This was posted a while ago, and I have since implemented bitmaps myself. One thing I learned from the documentation[1] is that setting an initial bit at a very high-numbered place (like 2^30 - 1) takes a while to allocate (compared to Redis's normal speed) and blocks other operations in the process.
In my case, and it appears to be true for Spool too, I don't know what bit will be set first. It could be 12 or it could be 2938251, so to prevent a slowdown if the initial bit is a high place I use buckets of bitmaps, each holding around 8 million bits.
I know disk space is cheap these days, but at 16MB/metric/<level-of-granularity>, it seems like your metric dataset would grow pretty quick. With just 10 metrics tracked daily, thats another gigabyte per week. Of course it does come with the benefit of maintaining all the raw data since you never roll up or aggregate the data...so the pros probably outweigh that con. :)
Redis stores everything in RAM, and RAM is not as cheap as disk. Adding GB's of RAM every week will quickly get rather expensive. But I guess you could dump old data to disk and load it back to Redis only when you need it. It might even compress well, depending on what the metrics track.

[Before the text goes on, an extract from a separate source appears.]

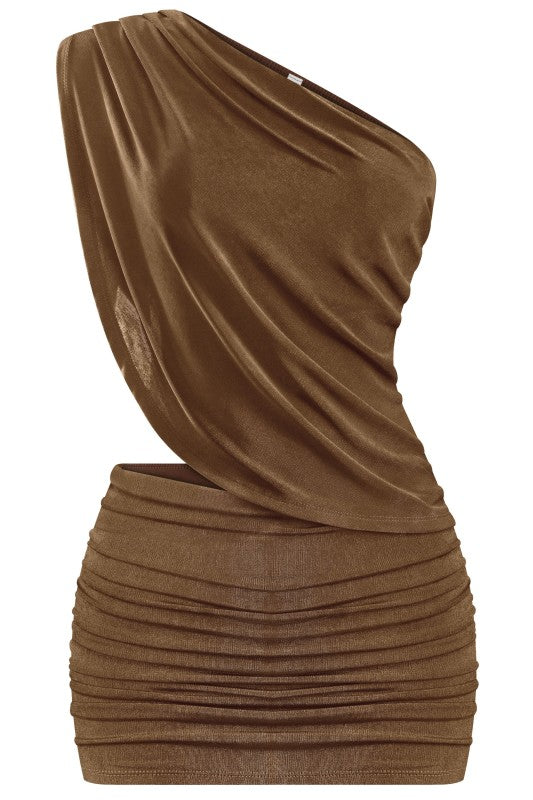 Brown Asymmetrical One Shoulder Dress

Isn't Redis still single-threaded for queries, but saving in the background? That seems a little risky: you've got your 100 million users setting bits in your bitsets and suddenly everything blocks for 10 seconds while old data is being loaded from disk.
It only really needs be captured like that using redis, when the collection period is up you could store it on disk, or even just the aggregate information on disk.
The only problem with this method is that it requires that IDs are integers, start at 1 and increment by 1.
I'm using MongoDB and IDs are 12-byte values of which the first four are a timestamp. Does anyone know of a way to make this method work, ideally without adding another field to the collection?
The comments on the article address this - the OP is using UUIDs as the primary key for their users, but each user is also assigned an "analytics key" which is an integer that started at one. You can even use the redis INCR command to generate these on demand.
There is a way in mongo to replace the id with an auto incrementing number. Have a look at the docs. It's also helpful of you want to use the id as a base62 value for urls
I still think that those user numbers in the title evokes a mental image of a certain type of load with a certain type of response time. I think if you got rid of the response time, it would be less linkbaity, because then it's clear that your focus is on the amount of storage it would take. It's not very important either way.
In my case, and it appears to be true for Spool too, I don't know what bit will be set first. It could be 12 or it could be 2938251, so to prevent a slowdown if the initial bit is a high place I use buckets of bitmaps, each holding around 8 million bits.
[1] Read Warning: http://redis.io/commands/setbit